What markets are you most focused on now in the U.S.?
Bhatt: In 2021, when we had lower rates and the market was very active, we were able to generate a lot of buzz for deals in primary and secondary markets, but also tertiary markets. What we’ve seen in the last 12 to 15 months is sort of a refocus from the capital side on the larger primary secondary markets, and less on those tertiary markets. Even within the primary and secondary markets, location now matters. So whereas 18 months ago it was a little easier to convince somebody to do a deal that’s an hour outside of Atlanta or in Austin, today we will get asked why are we going this far out and are there opportunities available closer to job centers or to education centers.

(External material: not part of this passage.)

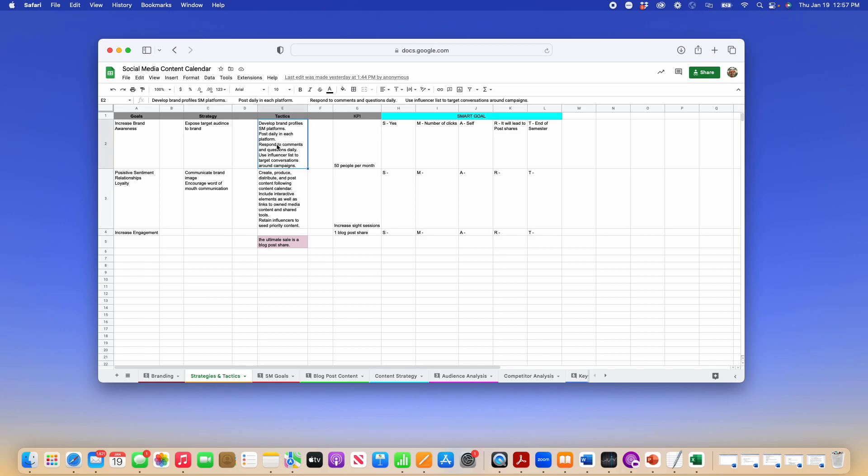Same thing with tactics. Just some suggestions on what I would put in there as far as tactics go. You can keep them if you like them, edit them, or delete them and do your own thing.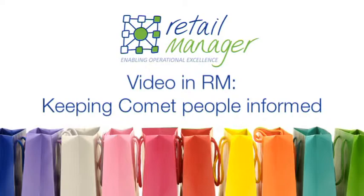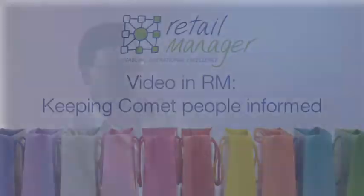We use video to actually cascade product knowledge information and also our business updates on a regular basis. And that's accessible to all of our colleagues on any of our terminals in store. So it's really getting the message very quickly to all of our colleagues.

What we’re seeing is a little bit of a flight to larger locations and better locations within a submarket or a city. We’ve also tailored our approach accordingly with clients to say if you’re dealing with a tertiary market it’s going to be that much harder today to capitalize than it was 18 months ago. In terms of the focus for us, we’re looking across the Sun Belt at the larger secondary and primary markets on the coasts. The Midwest has also been an interesting spot in the market.

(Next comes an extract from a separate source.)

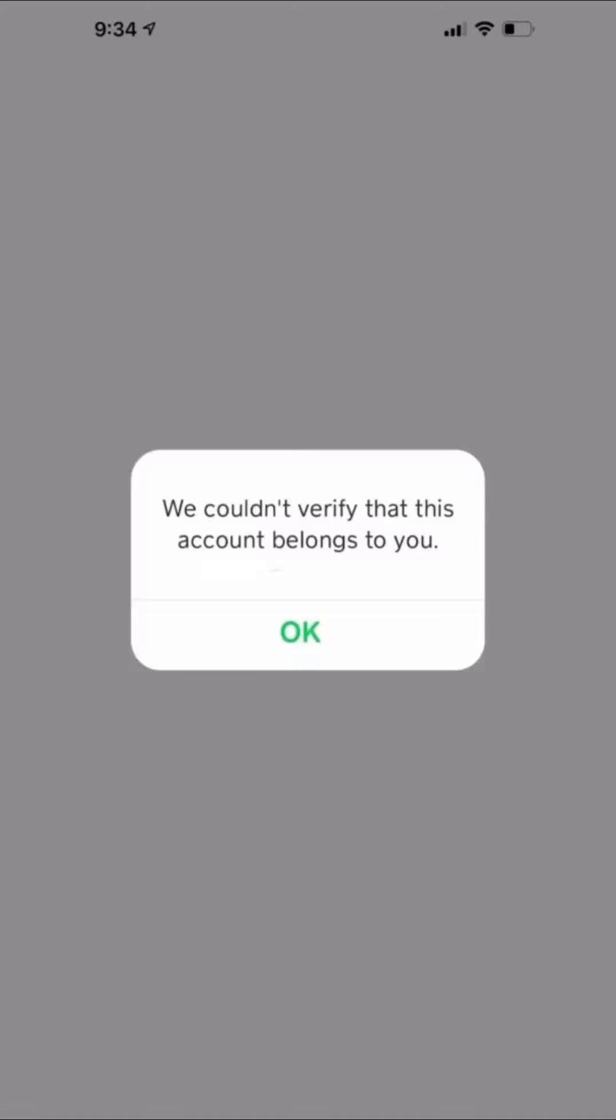Hello everybody, welcome back to my YouTube channel. In this video I'm going to show you how to fix 'I couldn't verify that this account belongs to you.' So to fix this issue, first of all you want to go back to your home screen.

Franklin: What we’re noticing now is that if you look at rent growth, the Sun Belt has been outperforming for a long time, and now it’s starting to have a big pullback in a lot of these markets with a lot of supply coming online. What we’ve noticed recently is that the rent growth, which has been steady in the Midwest for a long time, is now having a bigger pop in some of these Midwestern markets. So our team has been starting to reconnect with a lot of our owner-operator clients that are focused on more larger Midwest markets right now, and we think there might be a lot more interest in those markets going forward. Indianapolis, for example, is something that we’re looking at. Columbus, Ohio is another market we’ve been studying and seeing a lot of demand for. There’s real job drivers there, and there’s jobs and there’s rental growth still going on there.
We’re still seeing a huge amount of interest in the Mountain West, too. Salt Lake City and Denver are two markets we’re spending a lot of time in right now talking to owner operators and developers trying to help them find equity partners there. We really want to plant the flag there. We’re also seeing a lot of demand on the East Coast with the Raleigh-Durham area.

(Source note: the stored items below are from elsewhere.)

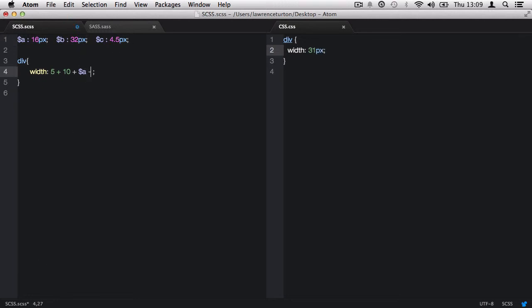Also, we have subtraction, multiplication, which does require a number that does not include a CSS measurement. That's very important for multiplication. Otherwise, we'll get an error, as well as division.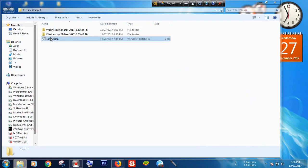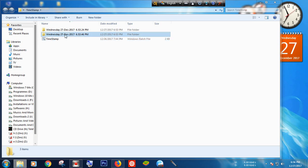Here you can see I have created a BAT file and this BAT file can create a folder with the name of date and time.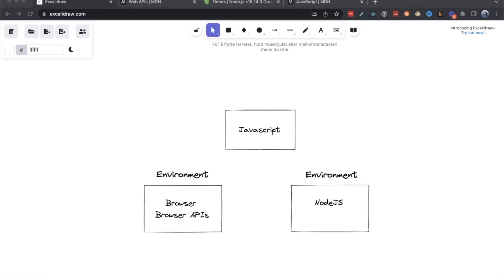Hey everyone, and welcome back to the channel. Today we're going to take a look at something I feel trips up a lot of developers. We're going to try to define the boundaries between JavaScript programming language and the environments it runs in.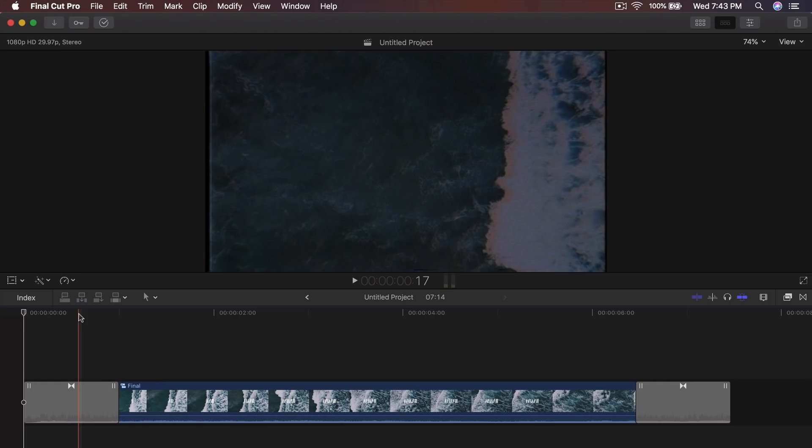What is going on everybody? It's KingTouchPro and welcome back to another Final Cut Pro 10 tutorial.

Last, how would you say the rising interest rate environment has affected multifamily demand overall?
Bhatt: Real estate as an asset class is somewhat tied to leverage, and when the cost of that leverage expands as much as it has in the last 12 to 18 months and as quickly, you’re going to see an impact. There’s a lot of numbers out there, but overall multifamily trades are down around 60 to 70 plus percent compared to last year, and certainly we’ve all seen that at the ground level. Individual deals are going to be more challenging to get done and you’re seeing projects being shelved in many markets. The challenge for our operators and acquisition groups is there are just not that many deals out there for them to underwrite and pick up, but maybe that will change over the next six to 12 months.